Renforcement du blocus Etatsunien

La chute de l'URSS entraina le pays dans une grave crise économique ; le gouvernement des USA profita de ces difficultés pour reprendre en 1990 une nouvelle phase du blocus économique contre Cuba. Les législateurs de Floride présentèrent des projets de loi au Congrès, dans le but d'interrompre les transactions entre les filiales des transnationales et Cuba ; ils prétendaient en plus sanctionner les bateaux qui transportaient des marchandises ou des passagers à Cuba : les bateaux devaient passer au moins 180 jours sans toucher un port Etasunien.
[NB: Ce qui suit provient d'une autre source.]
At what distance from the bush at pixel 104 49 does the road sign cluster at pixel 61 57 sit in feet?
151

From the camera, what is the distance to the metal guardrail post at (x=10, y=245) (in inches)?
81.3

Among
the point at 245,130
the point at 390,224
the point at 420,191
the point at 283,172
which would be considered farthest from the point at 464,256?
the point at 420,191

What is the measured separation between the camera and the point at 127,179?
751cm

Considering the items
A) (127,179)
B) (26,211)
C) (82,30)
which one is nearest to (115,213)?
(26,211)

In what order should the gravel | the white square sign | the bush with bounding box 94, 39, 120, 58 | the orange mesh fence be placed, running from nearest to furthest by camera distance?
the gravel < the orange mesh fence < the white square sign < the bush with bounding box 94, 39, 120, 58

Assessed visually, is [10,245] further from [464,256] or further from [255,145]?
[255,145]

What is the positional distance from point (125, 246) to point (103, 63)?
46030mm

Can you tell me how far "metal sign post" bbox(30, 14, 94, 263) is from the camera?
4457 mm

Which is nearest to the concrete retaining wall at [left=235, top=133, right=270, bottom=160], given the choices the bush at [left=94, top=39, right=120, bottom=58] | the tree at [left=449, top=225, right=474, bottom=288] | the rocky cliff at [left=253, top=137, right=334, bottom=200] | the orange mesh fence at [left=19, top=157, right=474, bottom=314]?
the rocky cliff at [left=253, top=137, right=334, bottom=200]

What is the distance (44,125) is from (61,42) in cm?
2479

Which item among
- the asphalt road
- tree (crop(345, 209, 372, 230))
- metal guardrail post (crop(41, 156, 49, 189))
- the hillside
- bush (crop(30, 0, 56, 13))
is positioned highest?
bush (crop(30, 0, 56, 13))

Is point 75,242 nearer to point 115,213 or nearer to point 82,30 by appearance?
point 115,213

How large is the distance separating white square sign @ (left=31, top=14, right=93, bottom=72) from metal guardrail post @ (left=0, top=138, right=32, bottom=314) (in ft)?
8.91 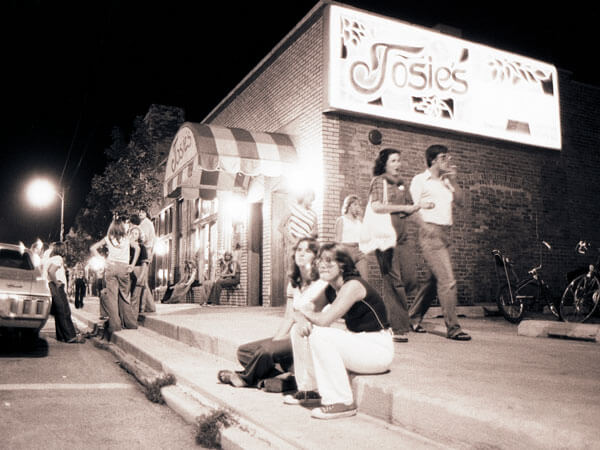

En 1992 le président Georges Bush signa la Loi Torricelli et en 1997 en continuité de cette politique, on renforça le chapitre II de la loi Helms-Burton. Depuis le moment même de son approbation, Washington n'a jamais lésiné pour obtenir l'acceptation internationale de cette loi, en essayant d'annexer l'approbation de l'Union européenne et autres alliés à sa politique, contre Cuba. Depuis quelques années, des liens de coopération sont établis avec le Brésil de Luís Inácio da Silva (Lula) et surtout le Venezuela d'Hugo Chávez. Ce dernier reverse une partie de ses resources pétrolières à Cuba en échange d'aides en matière de médecine et d'éducation, domaines où l'excellence cubaine est internationalement reconnue.

Et maintenant?

Le Pdt Obama a fait un premier pas vers une normalisation des relations entre Cuba et les USA. Des ambasades réouvrent. Mais le chemin reste long: la fin de l'embargo, la restitution de la baie de Guantanamo, etc. Que feront les assemblées étatsuniennes? La population cubaine est méfiante, craignant une arrivée massive sur l'île, créatrice d'inflation tant sur les denrées de base que sur l'immobilier... LA prudence s'impose.